• _Input data_:
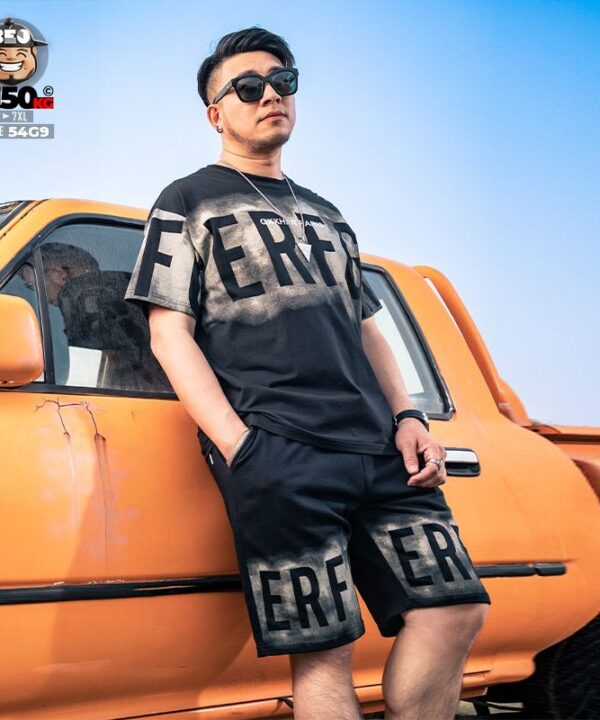 Alternative view of Đồ bộ thun cotton street art typographic ERFG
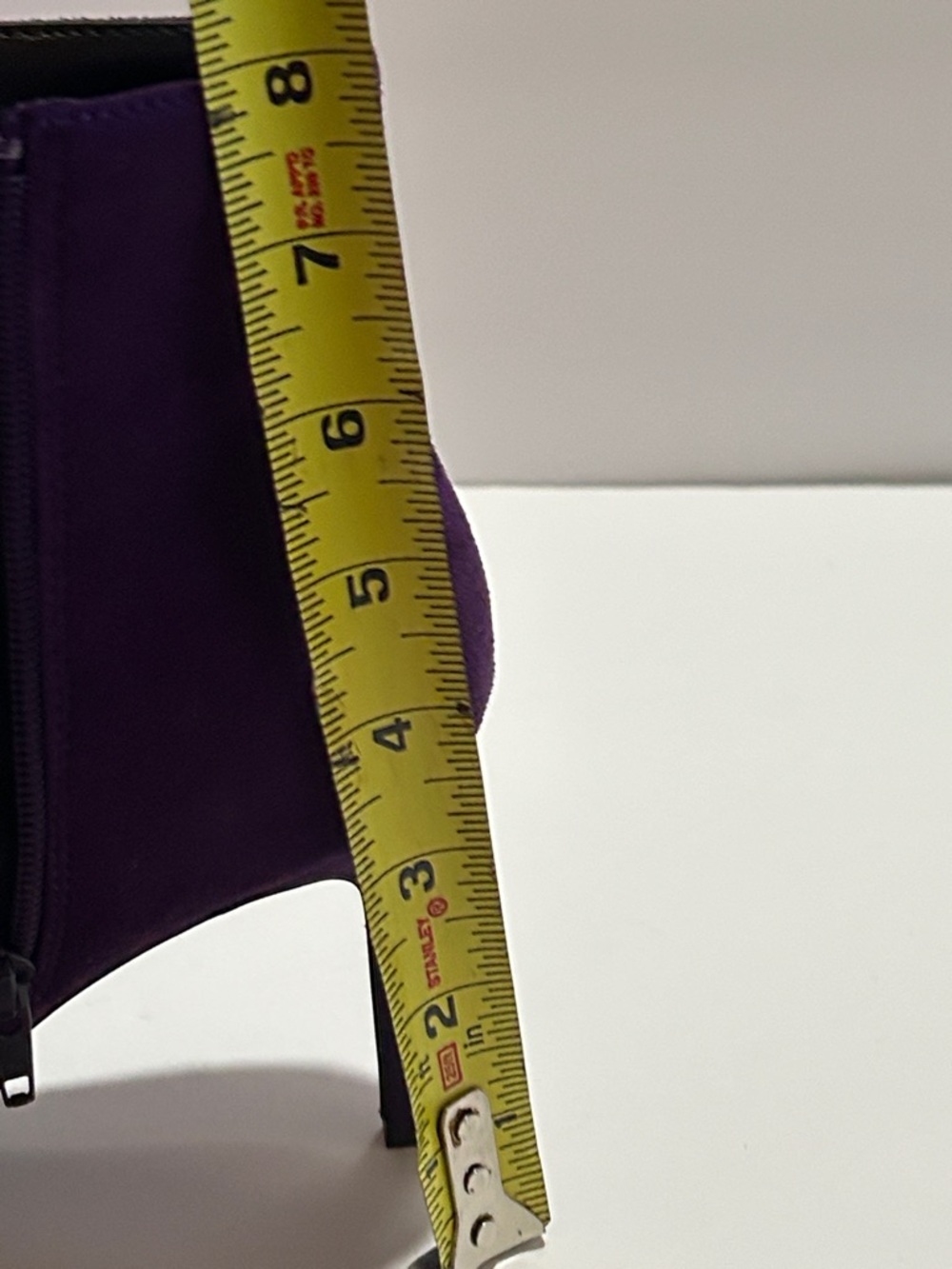 Women's Purple Ankle Boots with Side Zipper - Picture 8 of 8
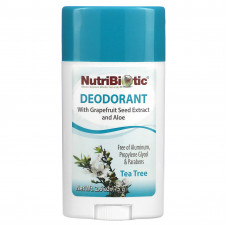 NutriBiotic, Дезодорант, чайное дерева, 2.6 унции (75 г)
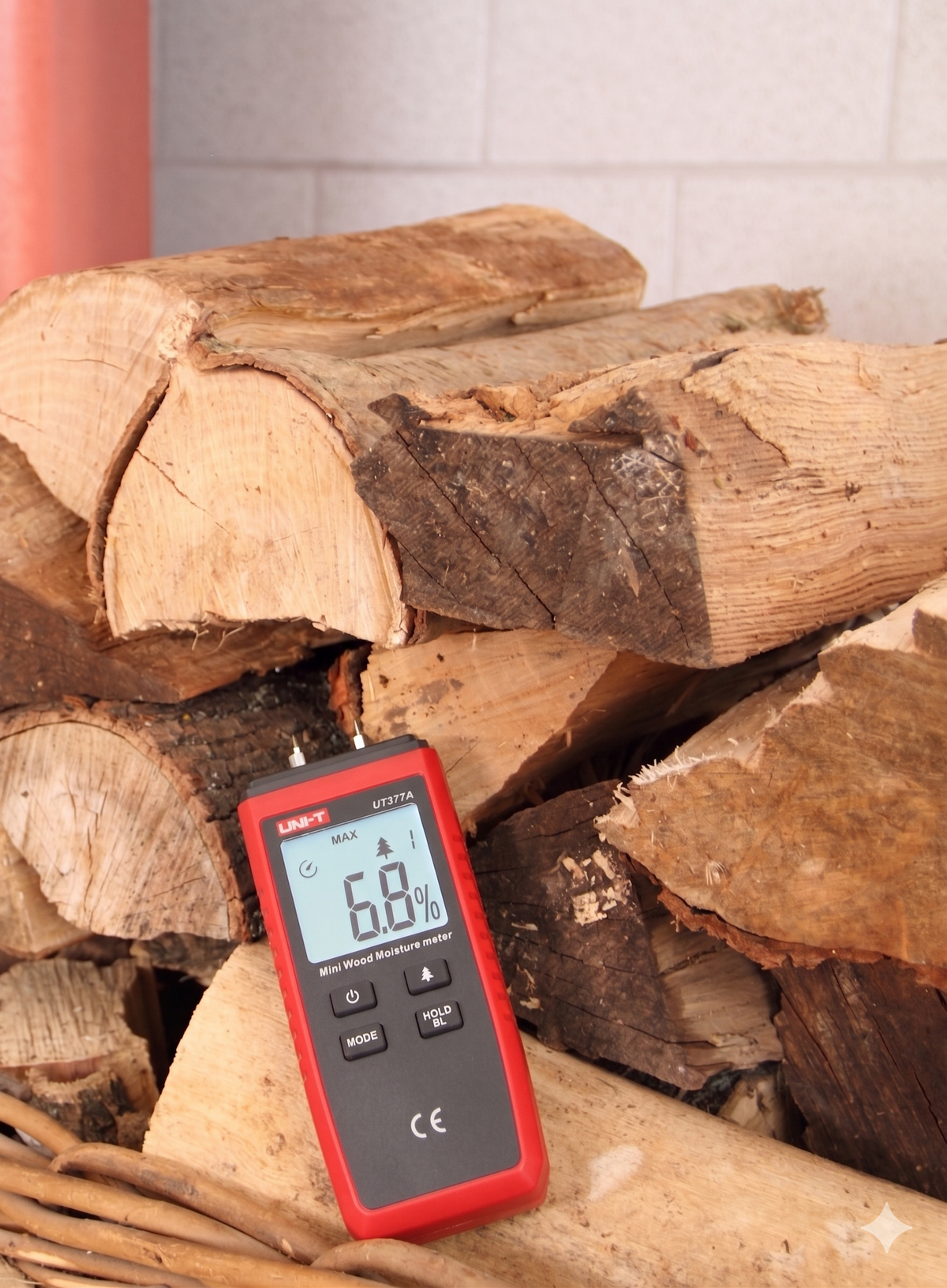 UNI-T UT377A Mini Wood Moisture Meter 2-40% Range Compact Design UNI-T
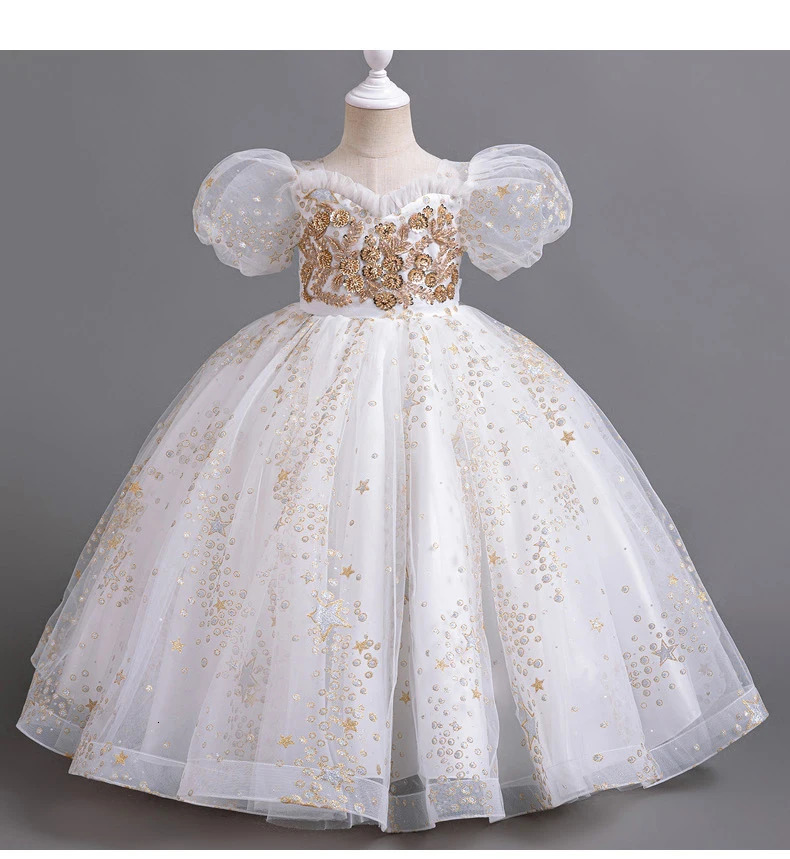 8905 Girls Flower Wedding Dress Long Sleeveless Summer Princess Rainbow Host Gift Performance Program 251023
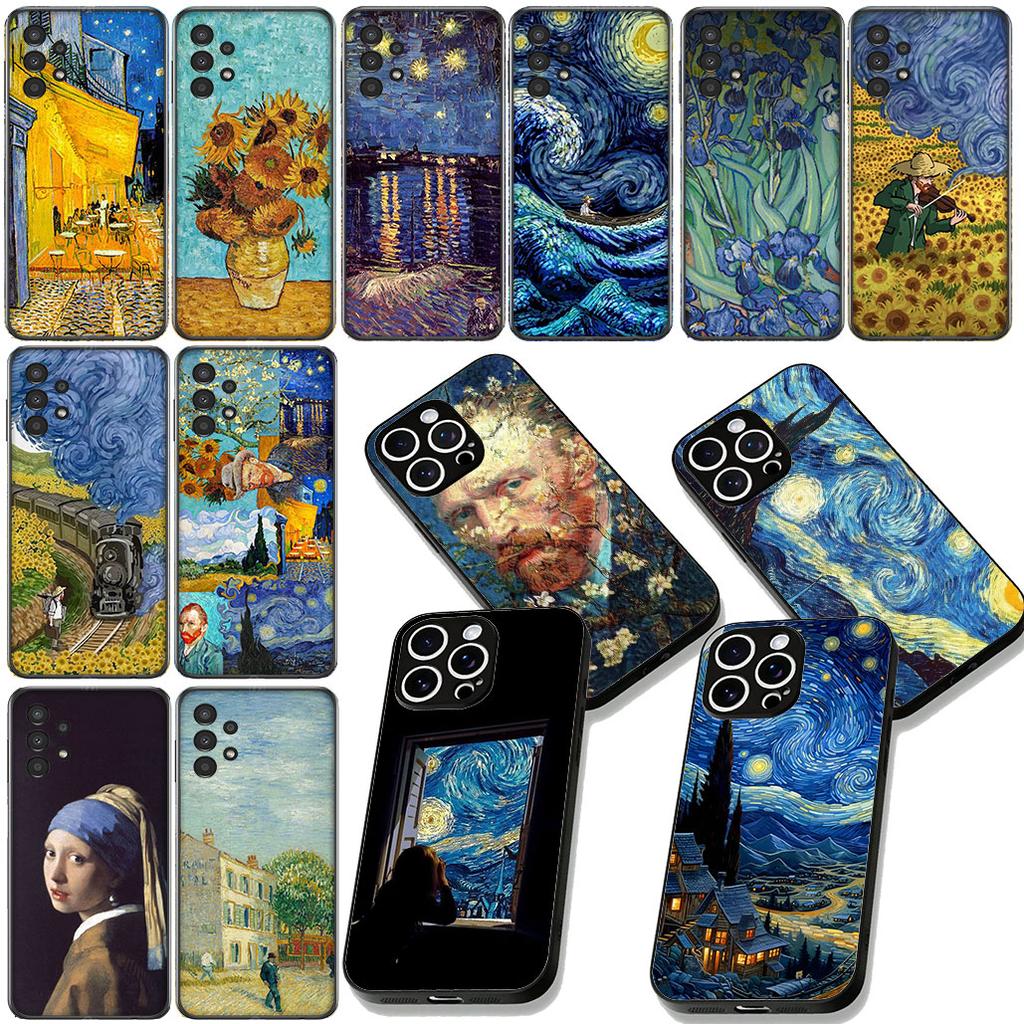 Van Goghs Starry Night Phone Case for Xiaomi Redmi Note 12 11 10 A3 Pro 10A 10C 12C Note12 5G Protective Cover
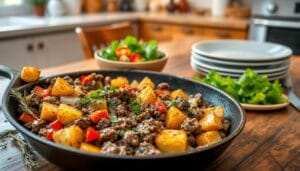 ground beef and potatoes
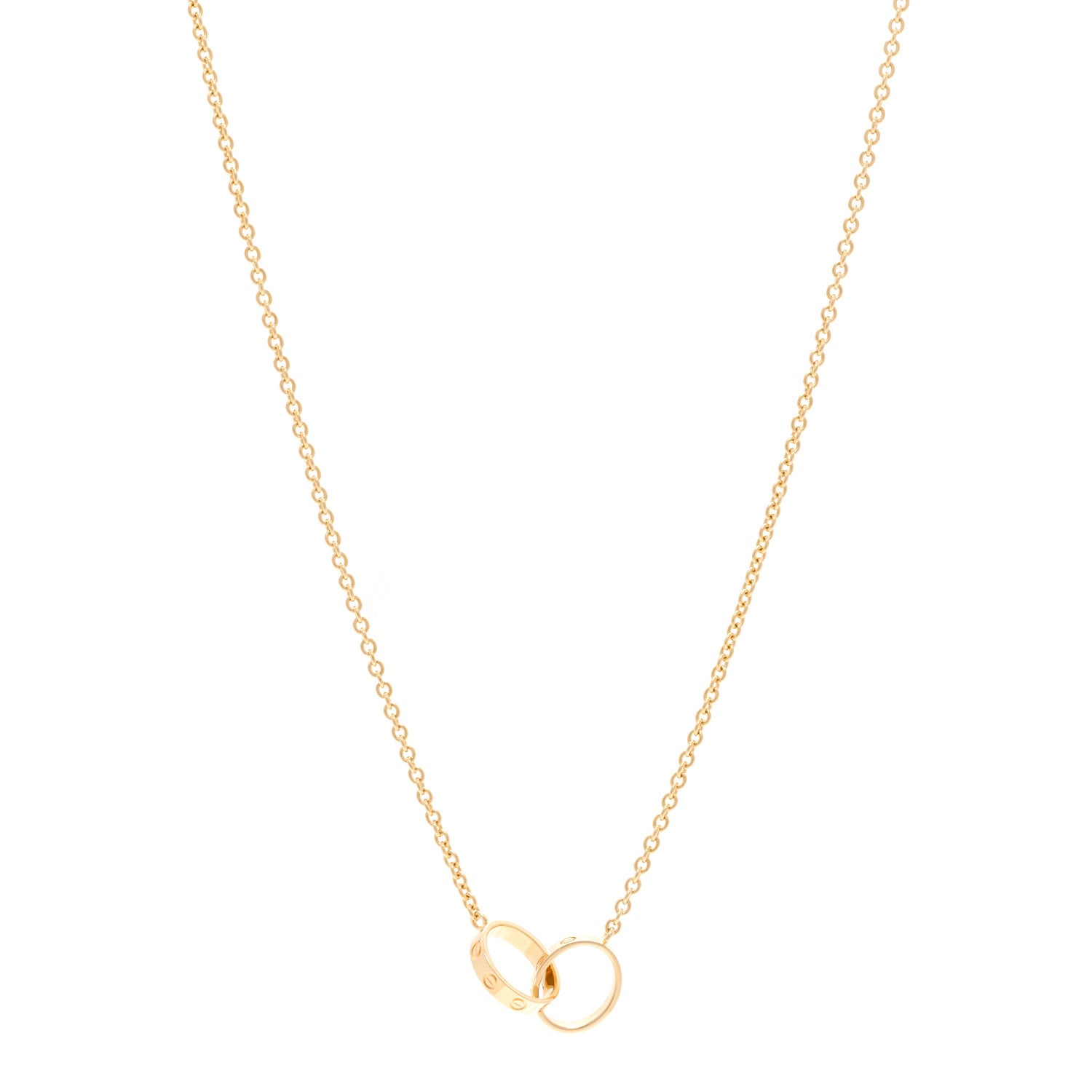 Cartier 18K Yellow Gold Interlocking LOVE Necklace 1 of 5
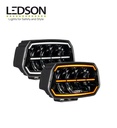 Ledson phare de route longue portée Epix10+10" cadre noir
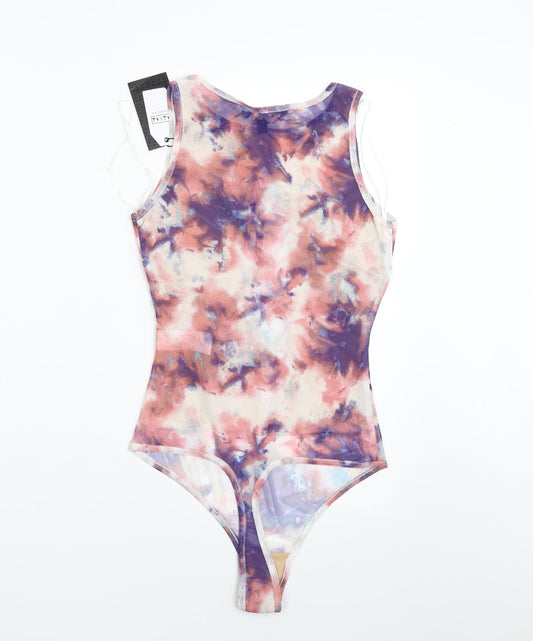 NAANAA Womens Purple Ombré Polyester Bodysuit One-Piece Size 6 Drawstring - Item Length -28in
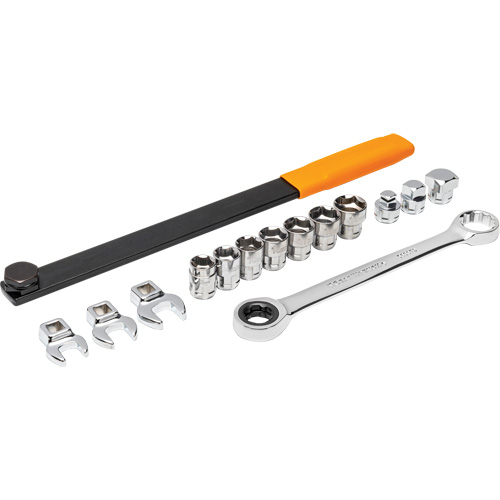 Ensemble d'outils &agrave; rochet avec ceinture serpentine 15 mcx Seaboard Timber Mart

• _What you will do_:
Exclude the pictures, then retype every record exactly.

• _Exercise result_:
 Alternative view of Đồ bộ thun cotton street art typographic ERFG
 Women's Purple Ankle Boots with Side Zipper - Picture 8 of 8
 NutriBiotic, Дезодорант, чайное дерева, 2.6 унции (75 г)
 UNI-T UT377A Mini Wood Moisture Meter 2-40% Range Compact Design UNI-T
 8905 Girls Flower Wedding Dress Long Sleeveless Summer Princess Rainbow Host Gift Performance Program 251023
 Van Goghs Starry Night Phone Case for Xiaomi Redmi Note 12 11 10 A3 Pro 10A 10C 12C Note12 5G Protective Cover
 ground beef and potatoes
 Cartier 18K Yellow Gold Interlocking LOVE Necklace 1 of 5
 Ledson phare de route longue portée Epix10+10" cadre noir
 NAANAA Womens Purple Ombré Polyester Bodysuit One-Piece Size 6 Drawstring - Item Length -28in
 Ensemble d'outils &agrave; rochet avec ceinture serpentine 15 mcx Seaboard Timber Mart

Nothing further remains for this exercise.